### Work instruction
Below are the records; return every line from the one that contains "P3132 Simpson Loan, Quartermile, Edinburgh" to the last, exactly, skipping the pictures.

[Caption-style text data]
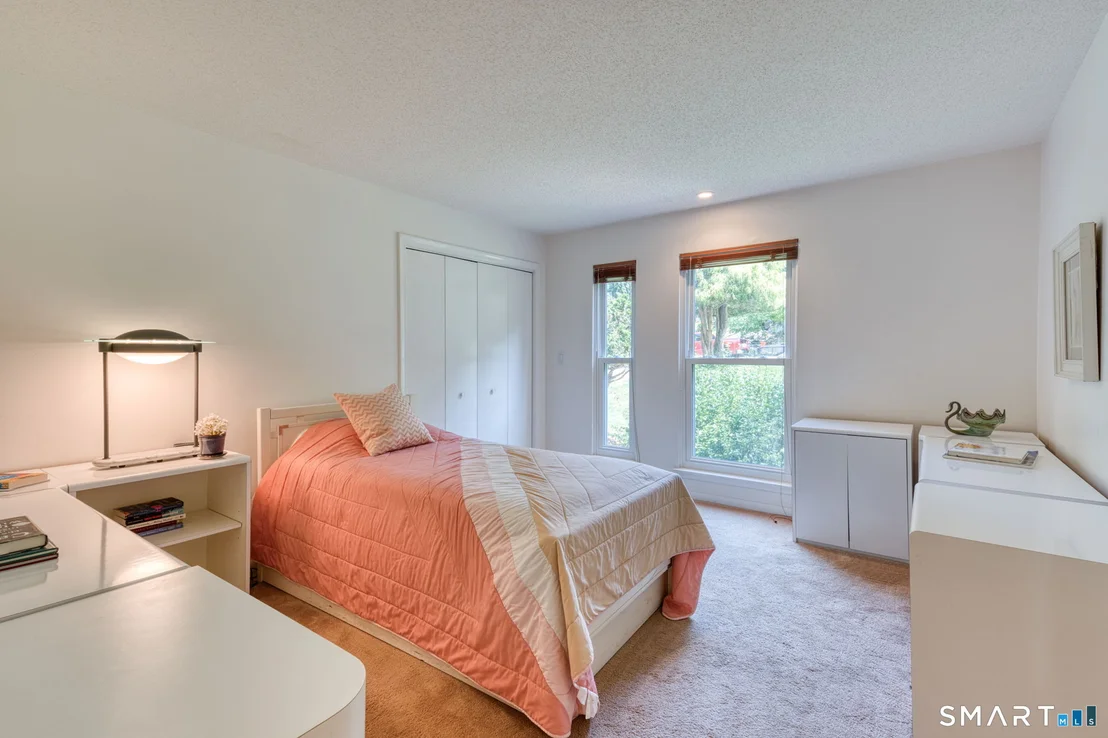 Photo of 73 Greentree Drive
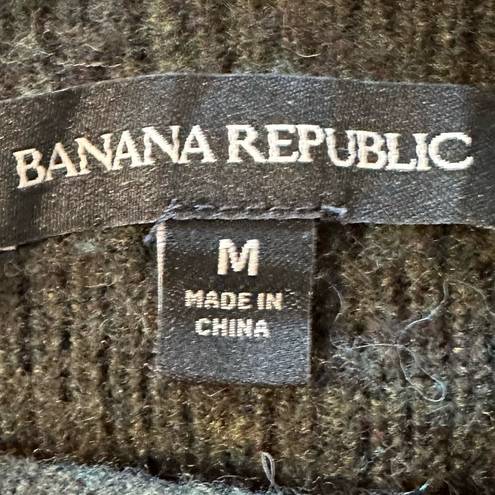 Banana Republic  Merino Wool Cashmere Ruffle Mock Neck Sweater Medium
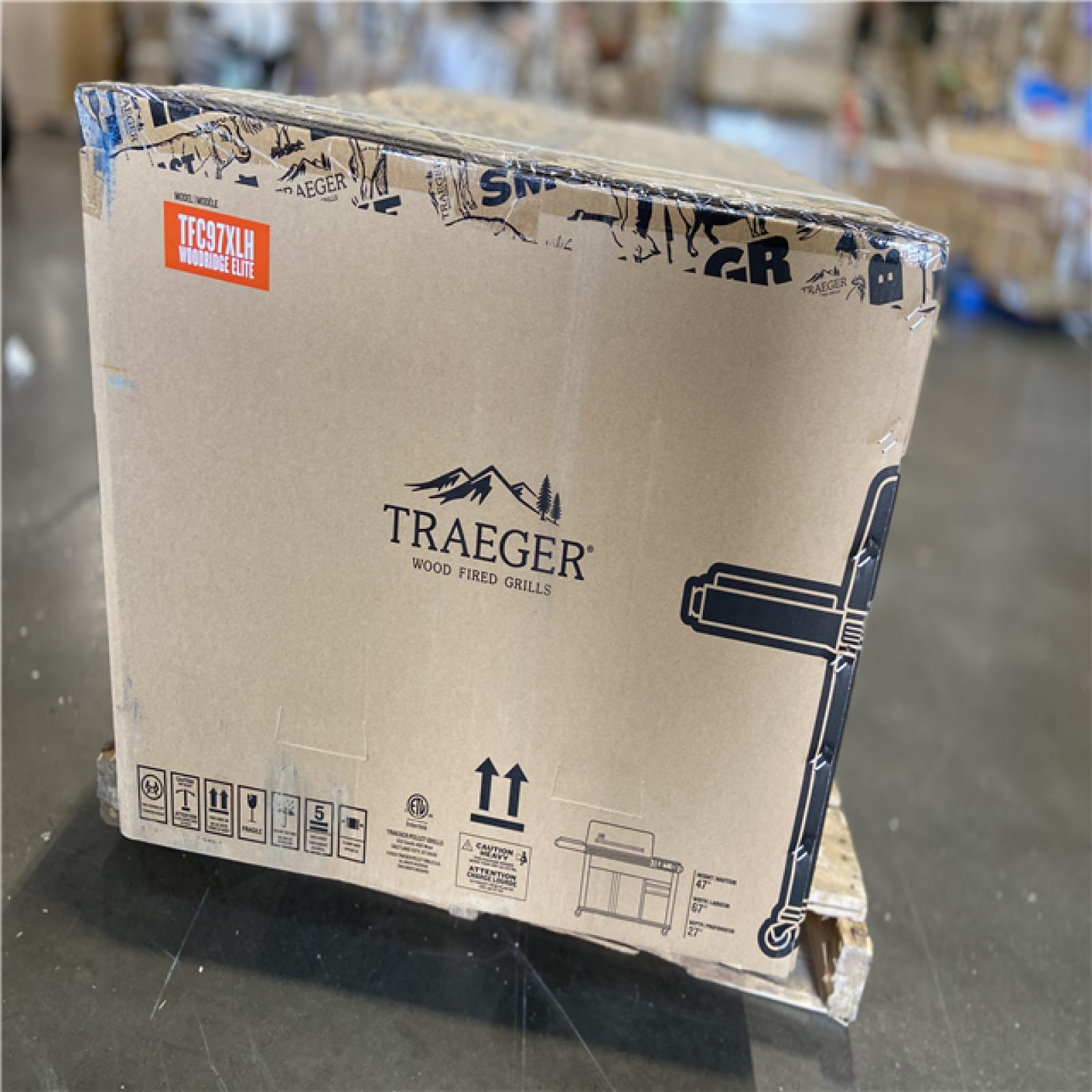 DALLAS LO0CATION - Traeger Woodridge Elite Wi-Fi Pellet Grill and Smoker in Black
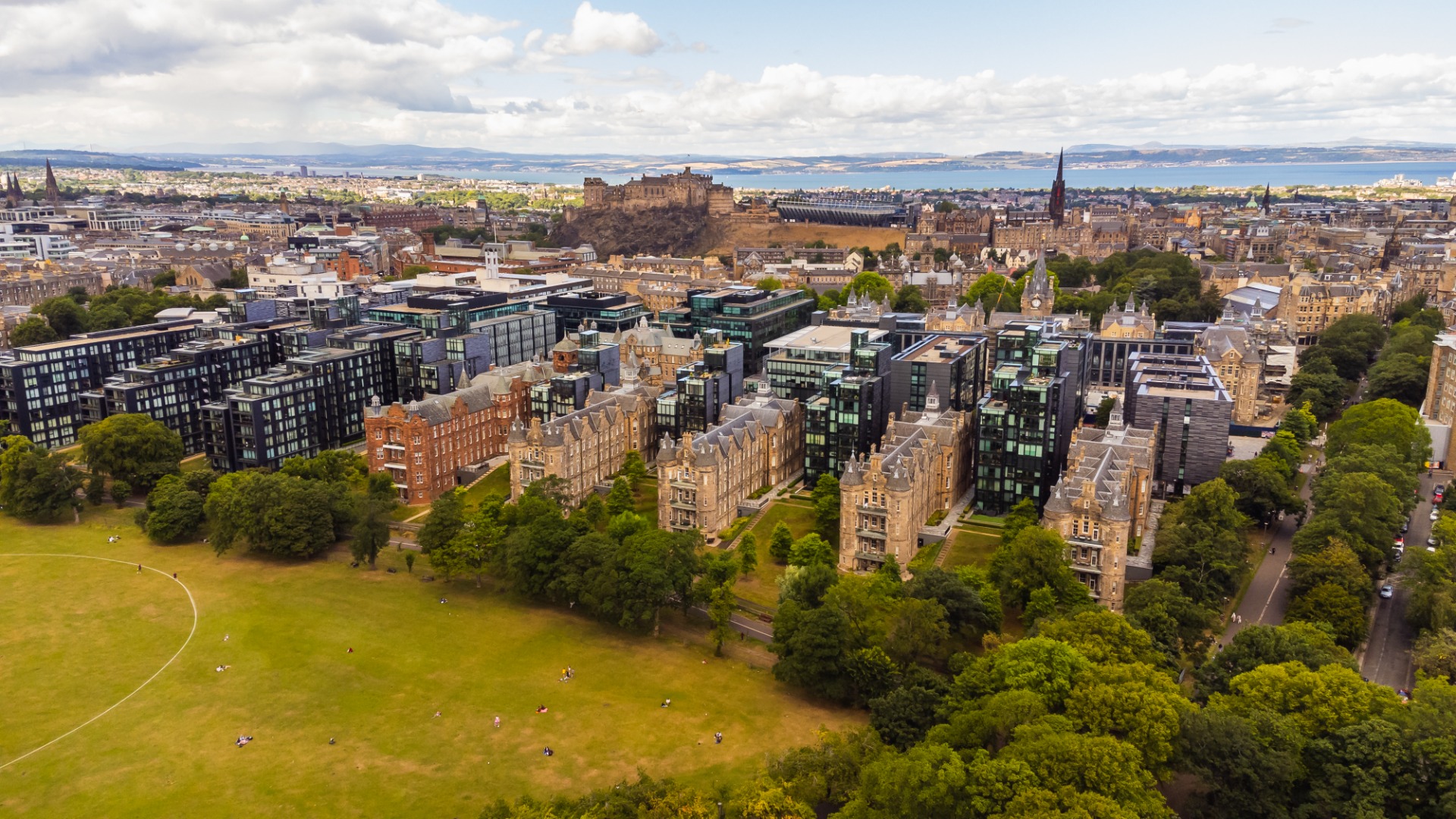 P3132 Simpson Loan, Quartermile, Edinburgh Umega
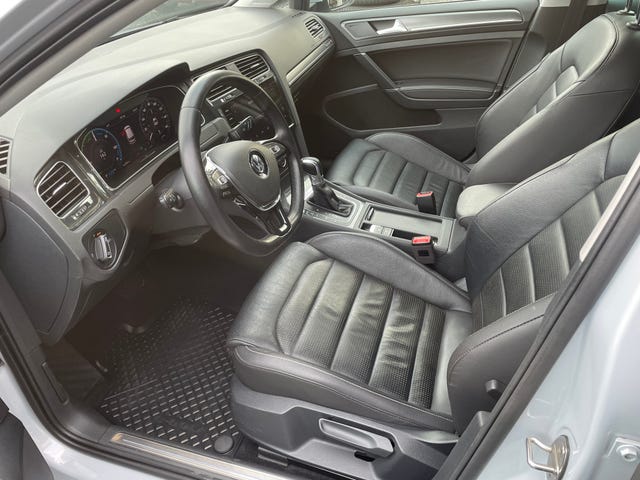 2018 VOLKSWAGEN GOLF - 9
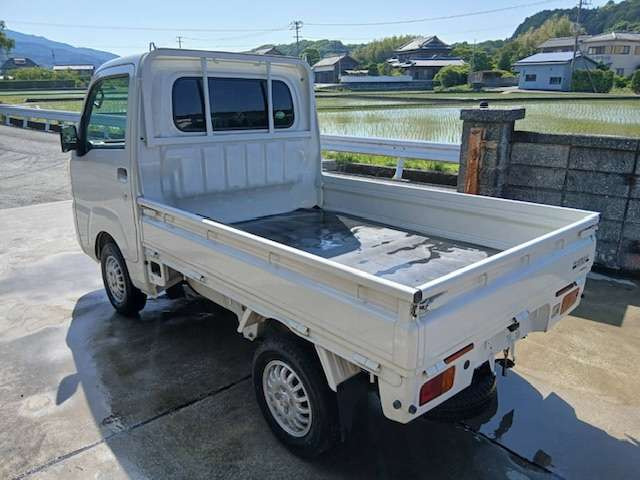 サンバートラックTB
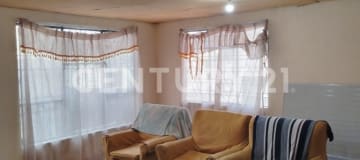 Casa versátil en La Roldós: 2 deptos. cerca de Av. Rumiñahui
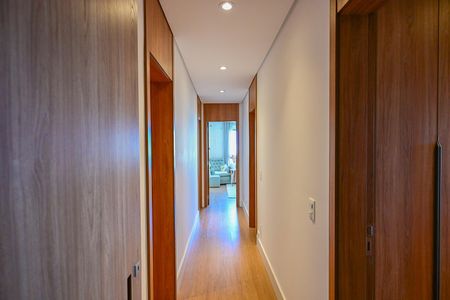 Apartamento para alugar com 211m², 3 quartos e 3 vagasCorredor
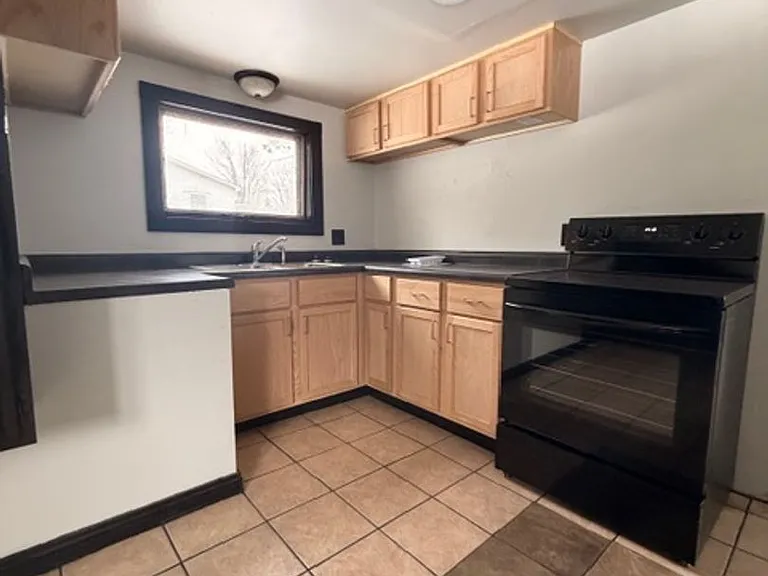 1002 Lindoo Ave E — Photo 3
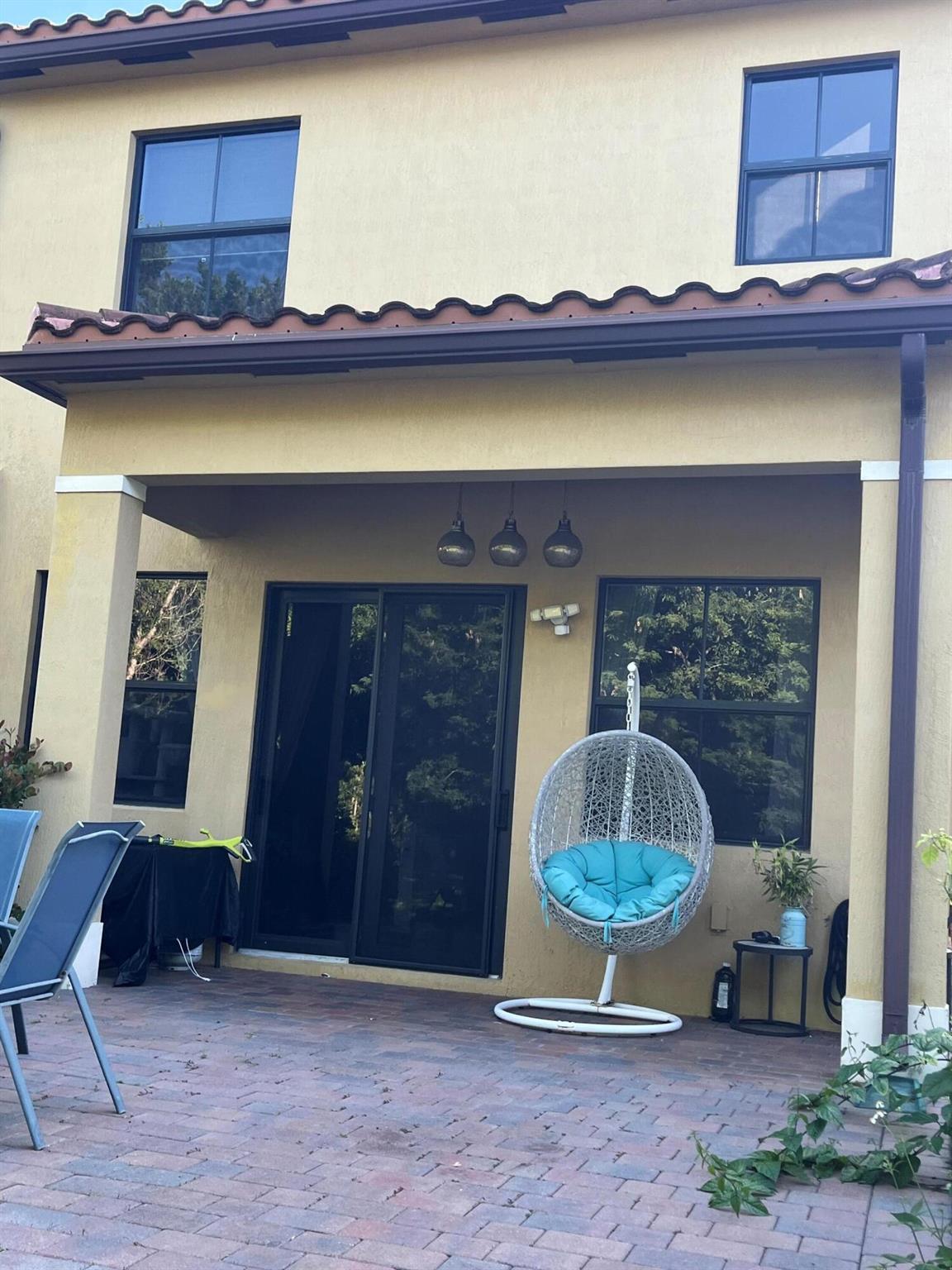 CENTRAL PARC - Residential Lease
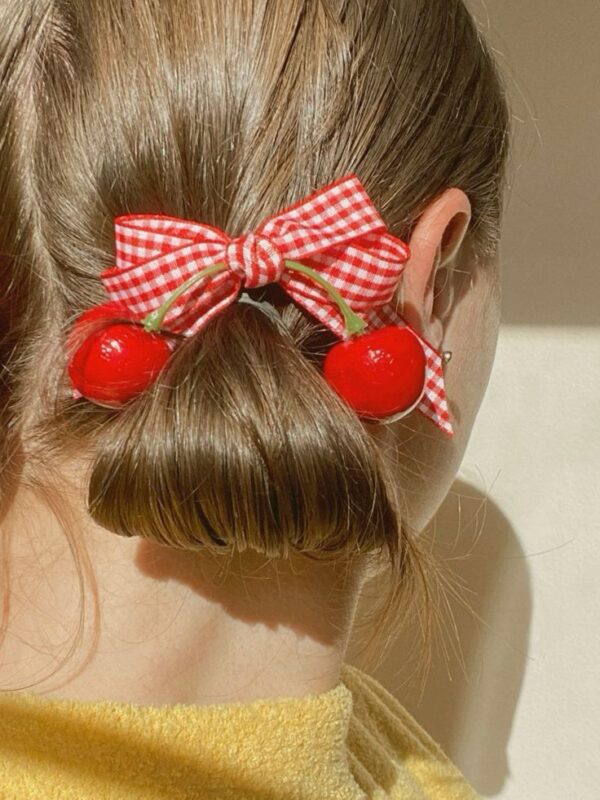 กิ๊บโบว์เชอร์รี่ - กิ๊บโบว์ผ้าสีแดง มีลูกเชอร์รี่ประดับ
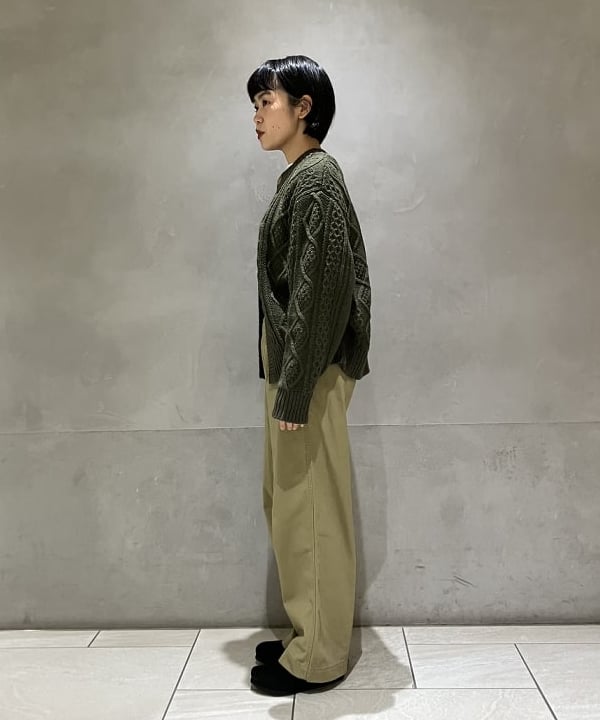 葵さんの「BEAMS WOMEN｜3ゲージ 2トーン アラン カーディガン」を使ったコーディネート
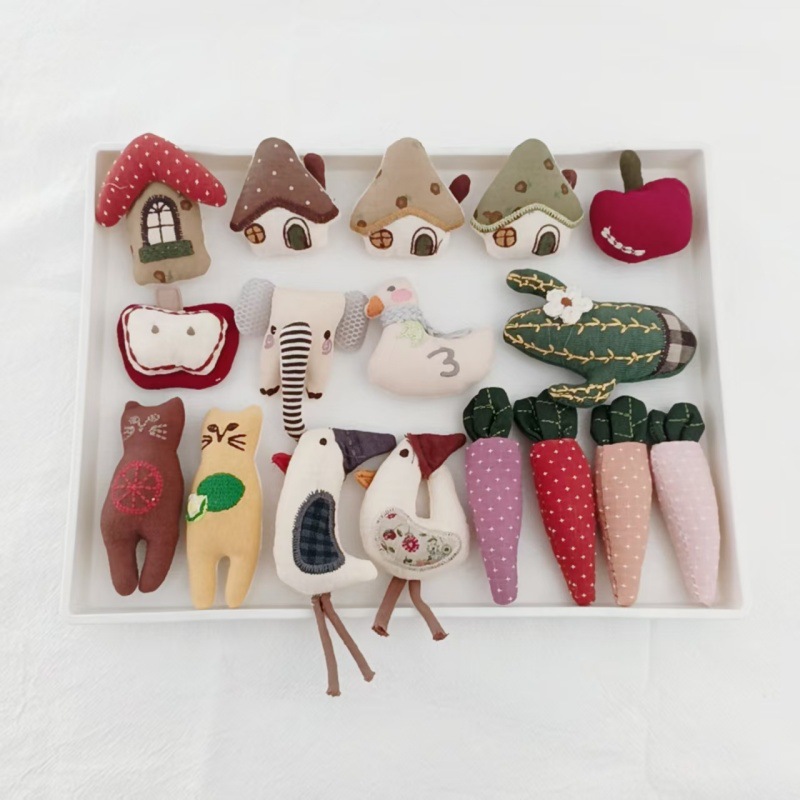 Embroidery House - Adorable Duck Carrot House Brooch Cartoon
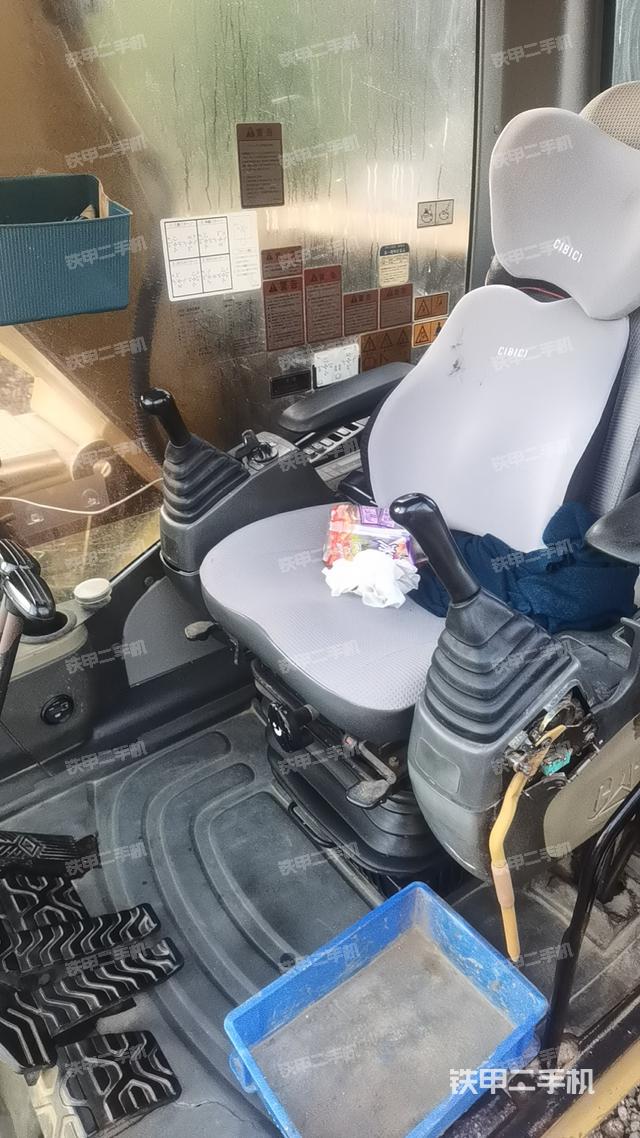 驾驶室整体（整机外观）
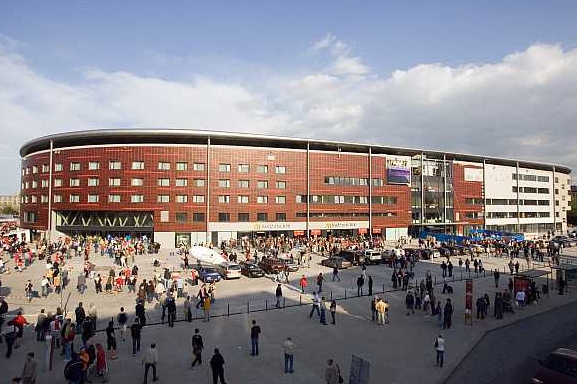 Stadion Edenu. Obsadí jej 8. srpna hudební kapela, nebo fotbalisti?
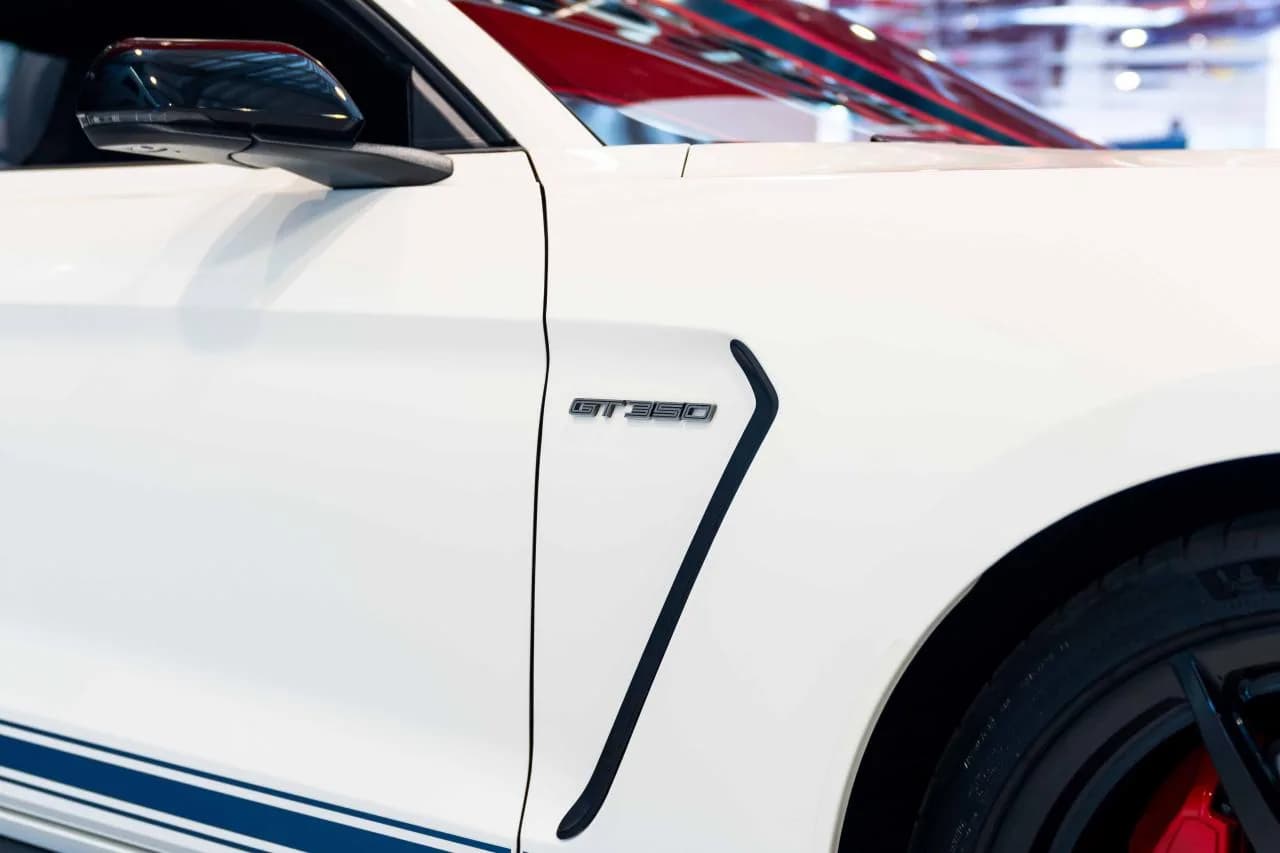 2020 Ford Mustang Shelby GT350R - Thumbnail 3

### Exercise solution
 P3132 Simpson Loan, Quartermile, Edinburgh Umega
 2018 VOLKSWAGEN GOLF - 9
 サンバートラックTB
 Casa versátil en La Roldós: 2 deptos. cerca de Av. Rumiñahui
 Apartamento para alugar com 211m², 3 quartos e 3 vagasCorredor
 1002 Lindoo Ave E — Photo 3
 CENTRAL PARC - Residential Lease
 กิ๊บโบว์เชอร์รี่ - กิ๊บโบว์ผ้าสีแดง มีลูกเชอร์รี่ประดับ
 葵さんの「BEAMS WOMEN｜3ゲージ 2トーン アラン カーディガン」を使ったコーディネート
 Embroidery House - Adorable Duck Carrot House Brooch Cartoon
 驾驶室整体（整机外观）
 Stadion Edenu. Obsadí jej 8. srpna hudební kapela, nebo fotbalisti?
 2020 Ford Mustang Shelby GT350R - Thumbnail 3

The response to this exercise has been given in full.